## Task statement
Give back the full listing, character for character, with no pictures.

┄┄┄┄┄┄┄┄┄┄┄┄┄┄┄┄┄┄┄┄

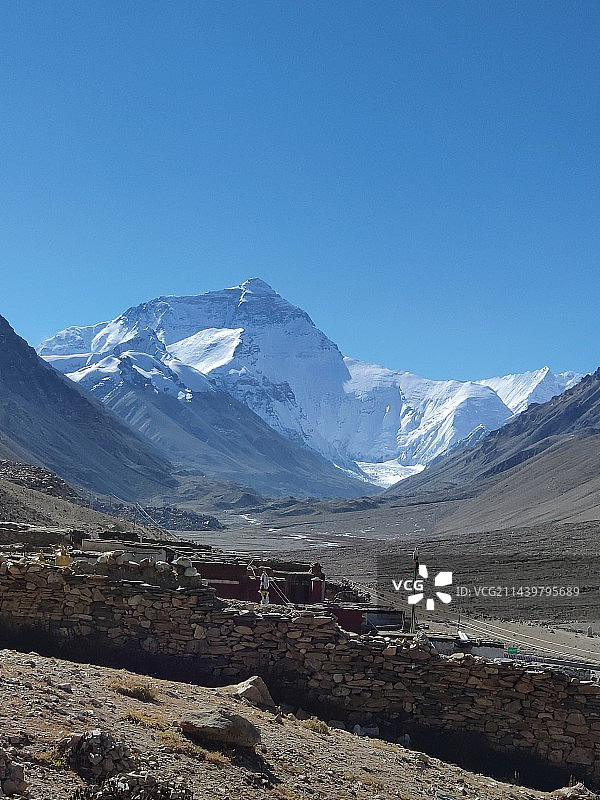 古老的绒布寺断墙和珠穆朗玛峰图片素材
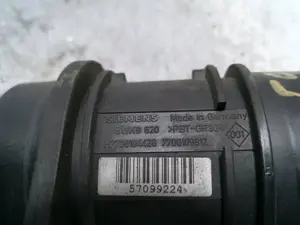 Foto de CAUDALIMETRO RENAULT MEGANE II BERLINA 5P 1.9 dCi Diesel (120 CV / 88 KW) referencia 7700104426 foto 2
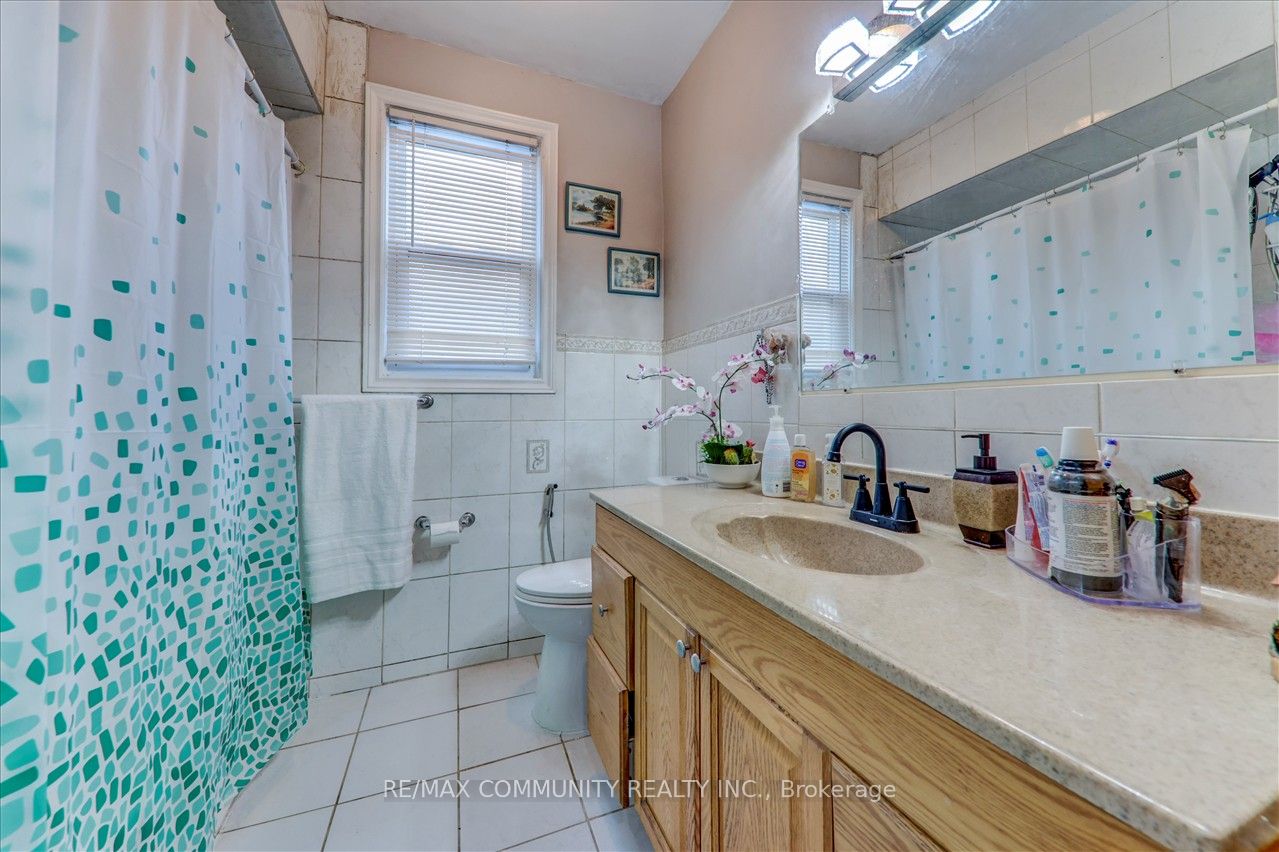7 Princemere Cres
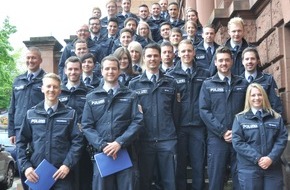 Polizeipräsidium Westpfalz: POL-PPWP: 35 Neuzugänge beim Polizeipräsidium Westpfalz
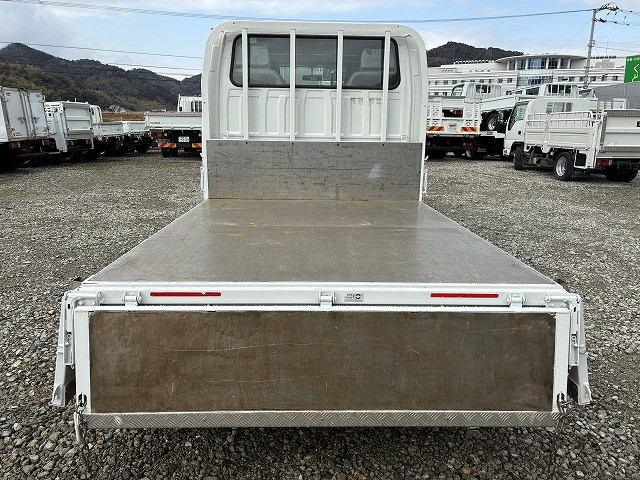 いすゞ エルフ 小型 Wキャブ TRG-NHR85A(100812) 14枚目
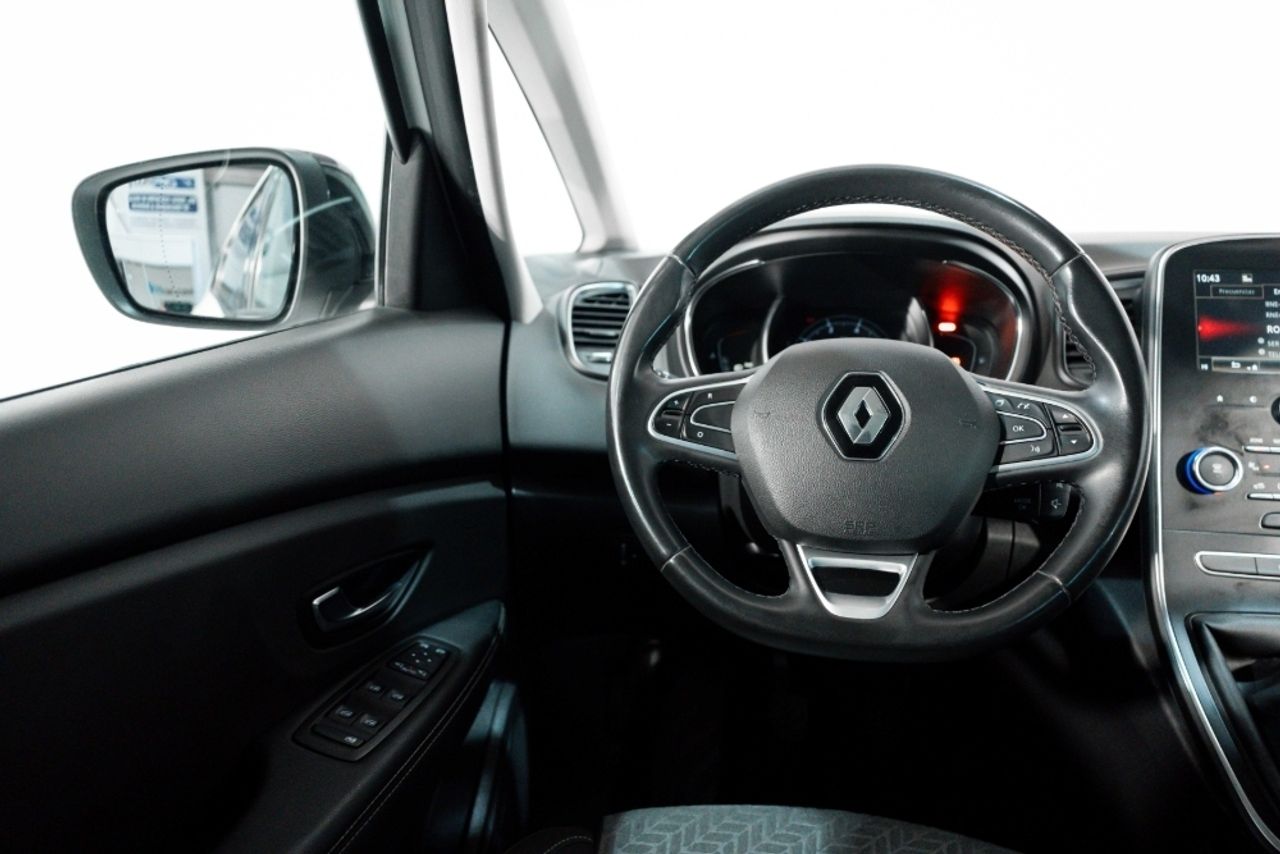Foto Renault Scénic 24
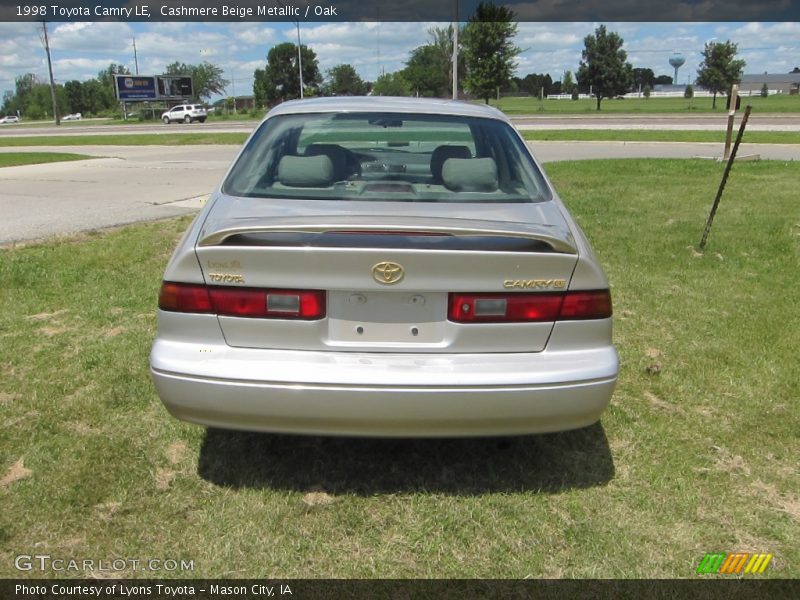 Cashmere Beige Metallic / Oak 1998 Toyota Camry LE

┄┄┄┄┄┄┄┄┄┄┄┄┄┄┄┄┄┄┄┄

## Result
 古老的绒布寺断墙和珠穆朗玛峰图片素材
 Foto de CAUDALIMETRO RENAULT MEGANE II BERLINA 5P 1.9 dCi Diesel (120 CV / 88 KW) referencia 7700104426 foto 2
7 Princemere Cres
 Polizeipräsidium Westpfalz: POL-PPWP: 35 Neuzugänge beim Polizeipräsidium Westpfalz
 いすゞ エルフ 小型 Wキャブ TRG-NHR85A(100812) 14枚目
Foto Renault Scénic 24
 Cashmere Beige Metallic / Oak 1998 Toyota Camry LE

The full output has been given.